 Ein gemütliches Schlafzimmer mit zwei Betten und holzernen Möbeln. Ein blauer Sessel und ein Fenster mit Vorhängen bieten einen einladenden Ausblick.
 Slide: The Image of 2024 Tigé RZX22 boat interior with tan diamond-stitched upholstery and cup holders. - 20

==

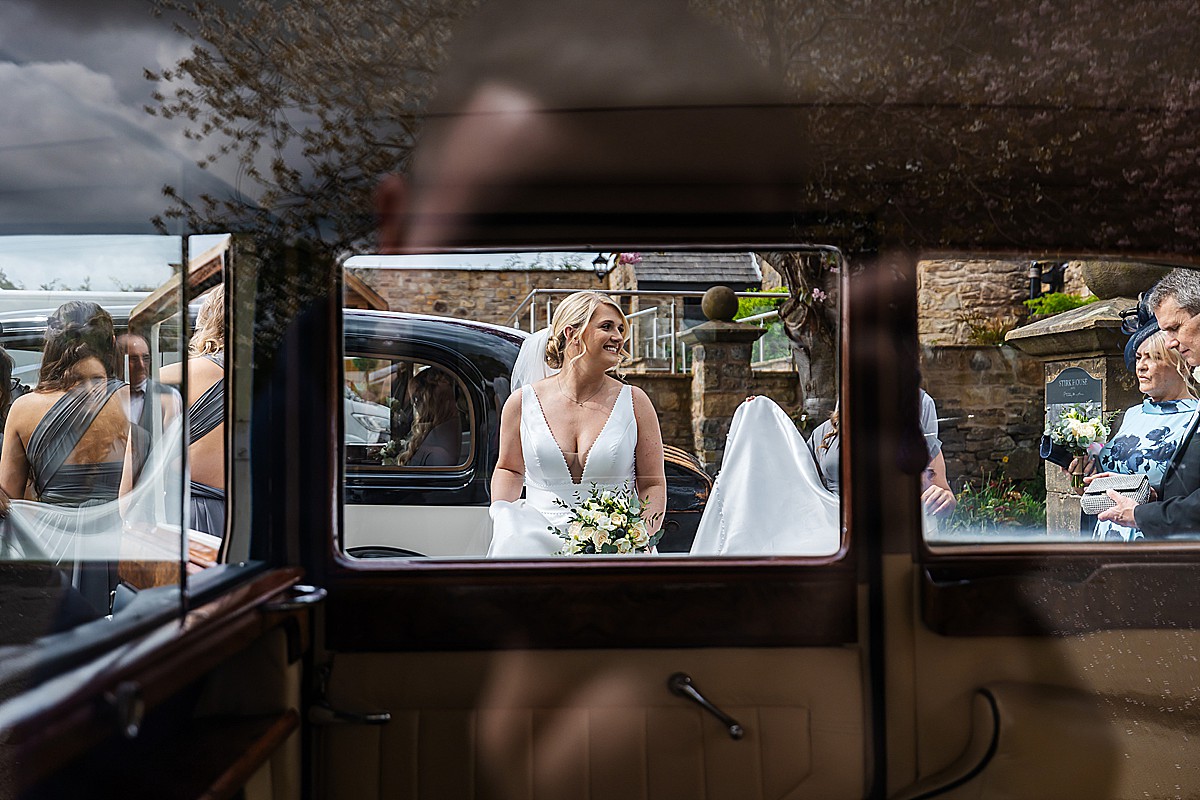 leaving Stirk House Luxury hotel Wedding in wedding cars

Problem to work on: Your task is to transcribe, with no changes, only the lines of the listing above that lie between the line holding "Ein gemütliches Schlafzimmer" and the line holding "Slide: The Image", inclusive.

Task answer:
 Ein gemütliches Schlafzimmer mit zwei Betten und holzernen Möbeln. Ein blauer Sessel und ein Fenster mit Vorhängen bieten einen einladenden Ausblick.
 Slide: The Image of 2024 Tigé RZX22 boat interior with tan diamond-stitched upholstery and cup holders. - 20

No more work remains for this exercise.